Death and dying are a part of the life cycle, but children might lack the cognitive competence to comprehend how it occurs and how to cope with the occurrence. Unlike adults, children require considerable support to overcome the reality of the death of a loved one. Children’s confrontation with death depends on a child’s age (Corr, Corr, & Doka, 2018). Researchers reveal that during the early stages of their cognitive development, children might be largely unbothered by death, which they view as reversible and avoidable (Rosengren, Gutiérrez, & Schein, 2014). They tend to be emotionally affected depending on the reaction of the adults around them. As they grow up, they learn about the definiteness and inevitability of death (Renaud, Engarhos, Schleifer, & Talwar, 2015). The differences affirm that the understanding of the concept of death depends on children’s cognitive and perceptive stage. However, other researchers indicate that the environment or culture in which a child grows also affects the concept of death. In most situations, children originally approach death with inquisitiveness. However, they later develop emotions of fear, stress, and sorrow later in life as they develop cognitively and interact in their social environment (Corr, Corr, & Doka, 2018).
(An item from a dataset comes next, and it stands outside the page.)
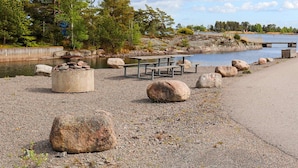 Ein Picknickplatz am Seeufer mit Bänken und einer Feuerstelle.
Adults should understand the differences to learn how to speak to children at different ages about death and dying.
Summary and Conclusions
Research reveals interesting findings regarding the concept of death and its association with cognitive development. Generally, the comprehension of the concept depends on the age of a child. In terms of development, experts indicate that newborns lack an understanding of the concept of death. However, they can feel the absence and sentiments of sorrow in their surroundings. During infancy and preschool age, children are more cognitively developed and could perceive the concept of death in their environment. However, they are not adequately developed to understand its permanence and irreversibility. They might be convinced that the dead person will return to life. They perceive a state of sleep and inertia. Later, as children enter the school age, they become able to understand that death and its associated absence are permanent. They now know that once a person is dead, he or she leaves completely and never comes back. During adolescence, they are cognitively mature to understand what death means. The stages inform the need to learn effective approaches to talk about death to children of different ages. Generally, failure to support them appropriately can lead to internalizing behavior later in their lives.